Work item
Only the pictures are to be left out; return the rest of the data exactly as it stands.

─── Dataset records

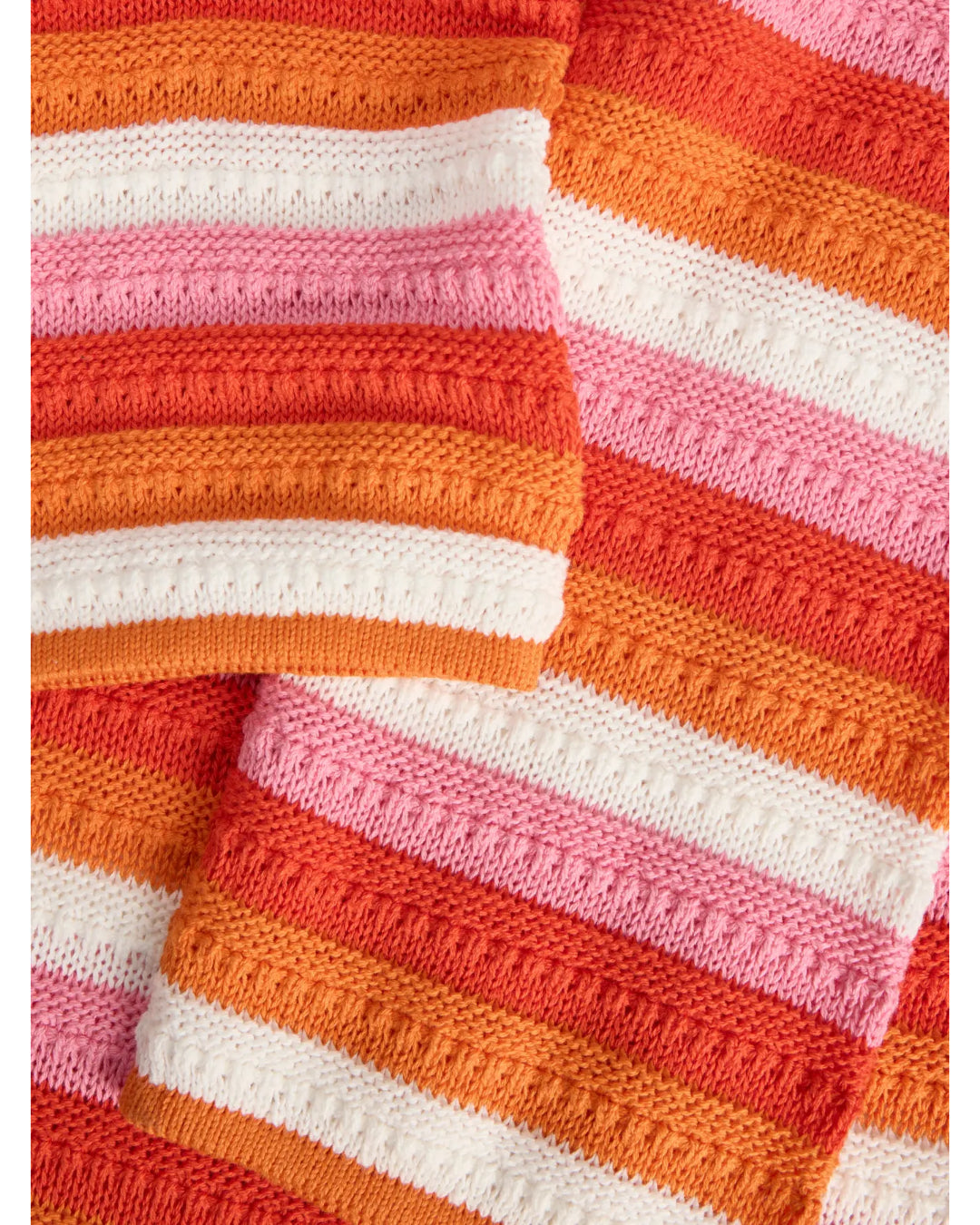 Detaljebillede af orange/pink RORY kjole. Fra BySofieSønderby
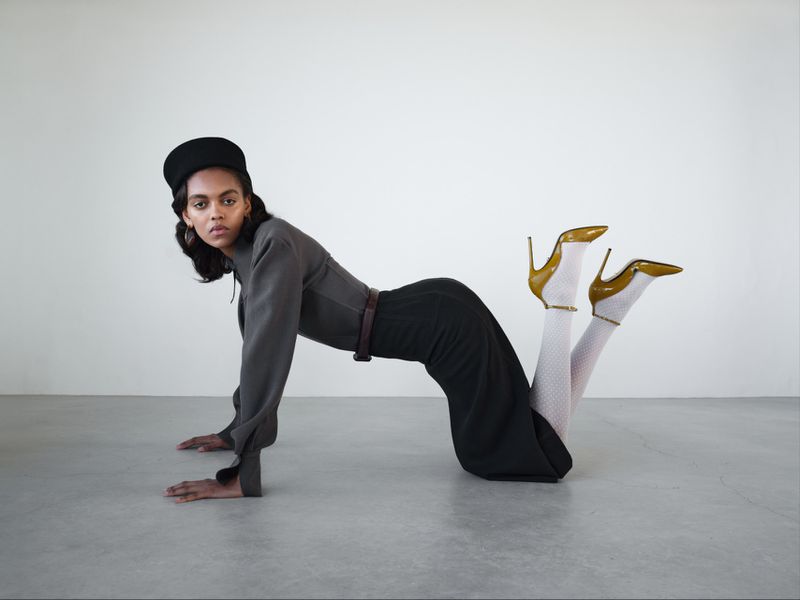 Model Bebe Parnell poses in a grey blouse, black skirt, white tights, and yellow patent heels on a grey studio floor.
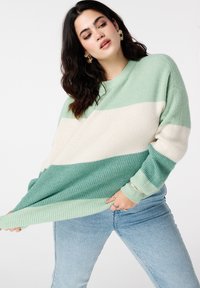 Pull rayé vert avec une coupe décontractée, une texture côtelée et des blocs de couleur vert clair, vert foncé et crème. Porté avec un jean bleu clair.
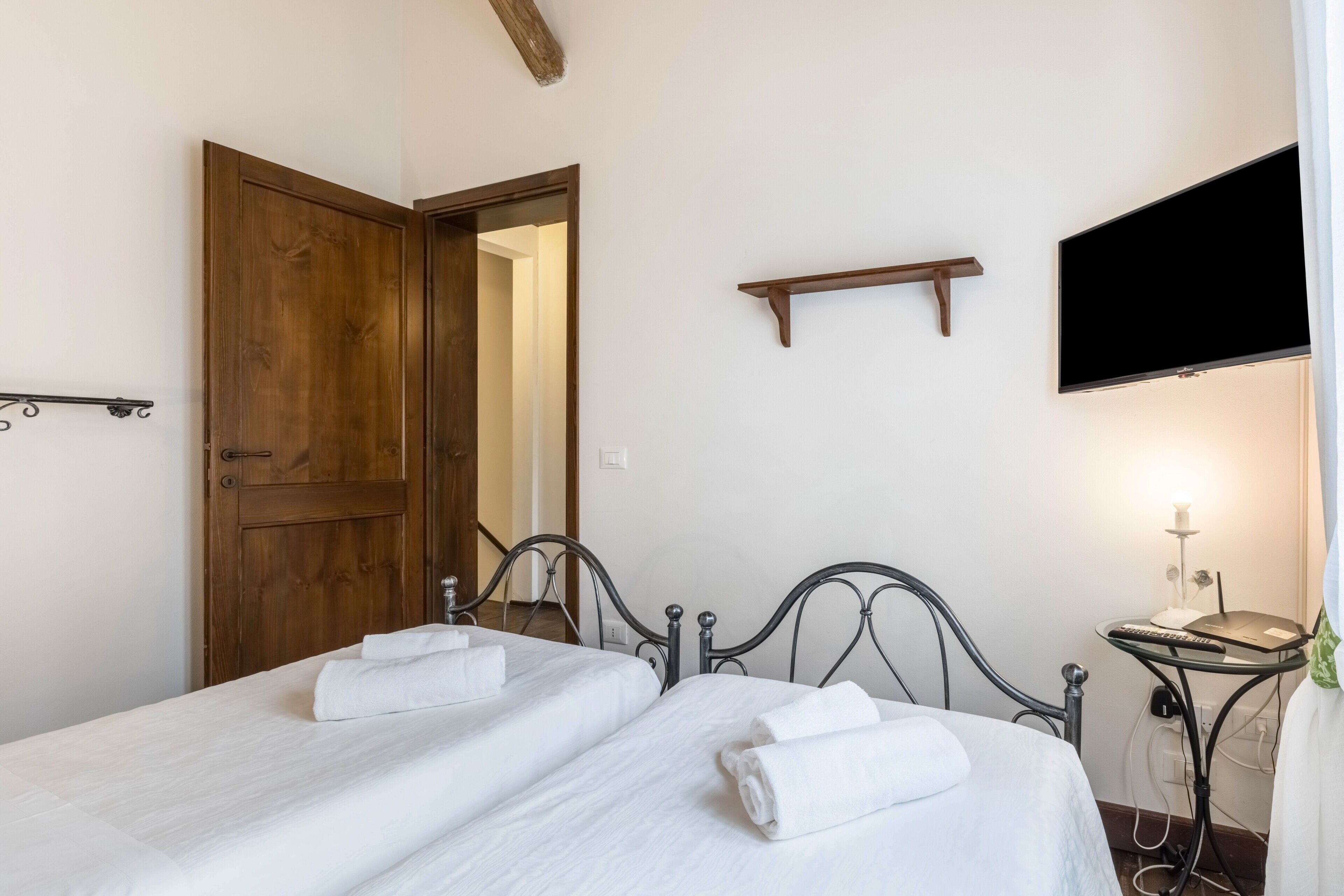 Un dormitorio con dos camas, una puerta de madera, un televisor y una mesita de noche con lámpara.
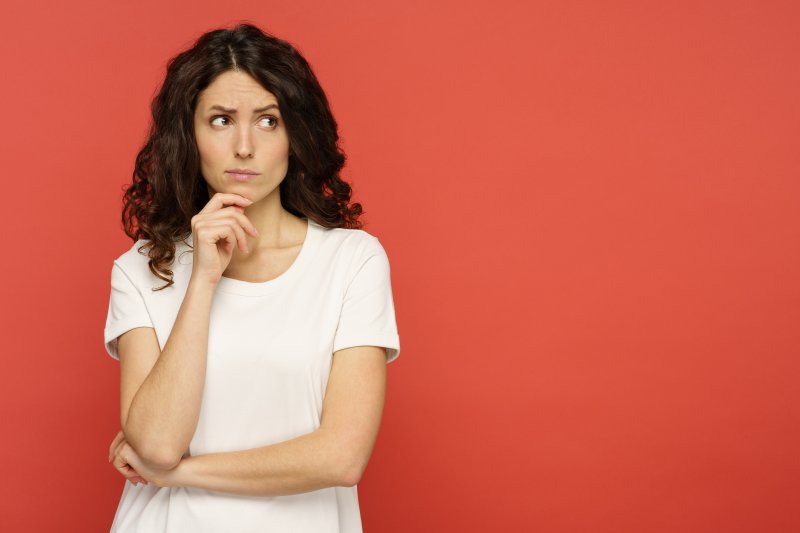 Woman has questioning expression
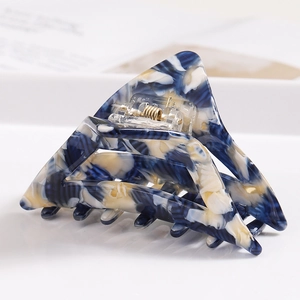 Macro detail of large triangular hair claw clip with blue and white marble pattern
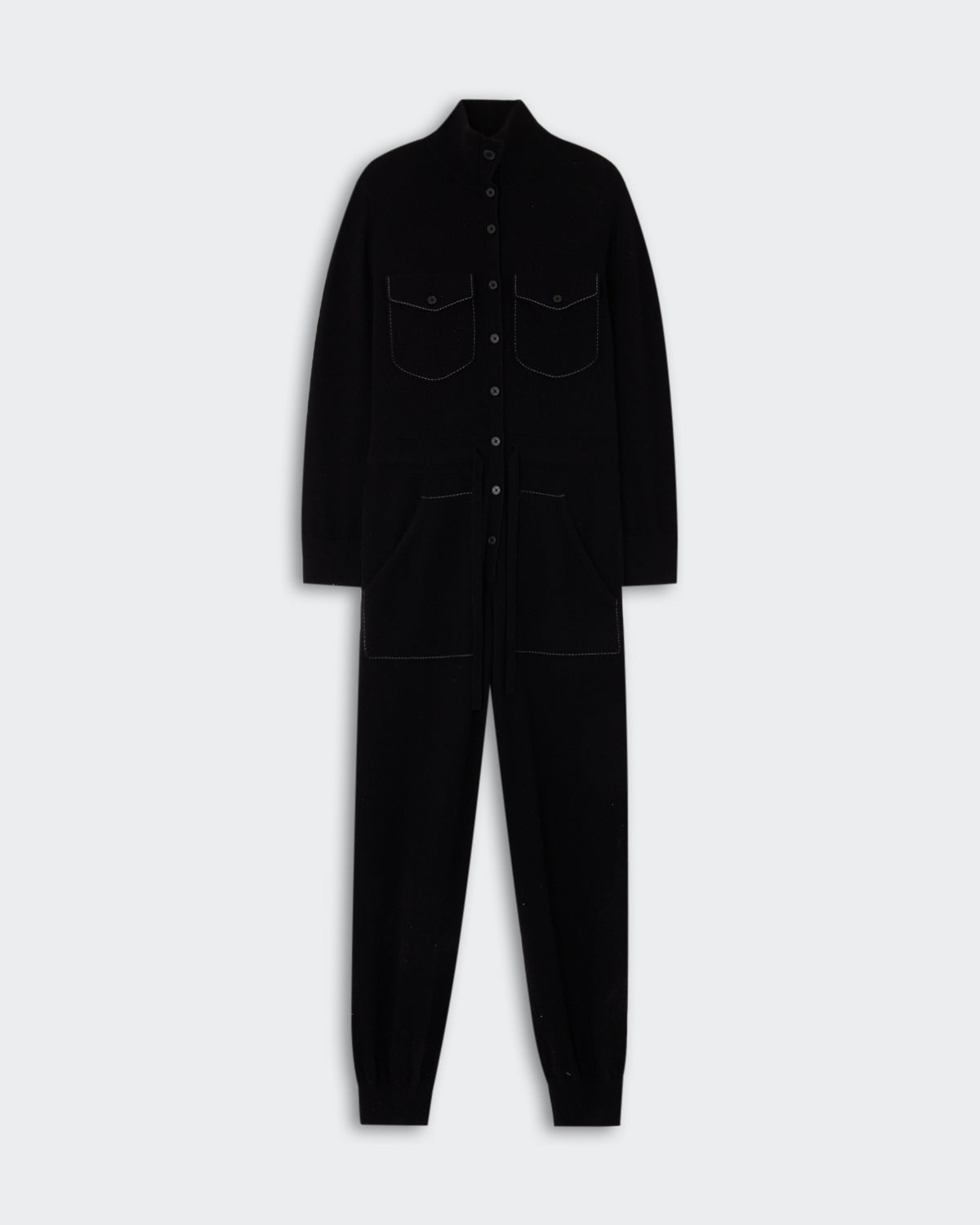 Flight Suit - Black displayed flat, featuring a button-up front, long sleeves, chest pockets, and side pockets, with a slim tapered leg design.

──────

Task answer
 Detaljebillede af orange/pink RORY kjole. Fra BySofieSønderby
 Model Bebe Parnell poses in a grey blouse, black skirt, white tights, and yellow patent heels on a grey studio floor.
 Pull rayé vert avec une coupe décontractée, une texture côtelée et des blocs de couleur vert clair, vert foncé et crème. Porté avec un jean bleu clair.
 Un dormitorio con dos camas, una puerta de madera, un televisor y una mesita de noche con lámpara.
 Woman has questioning expression
 Macro detail of large triangular hair claw clip with blue and white marble pattern
 Flight Suit - Black displayed flat, featuring a button-up front, long sleeves, chest pockets, and side pockets, with a slim tapered leg design.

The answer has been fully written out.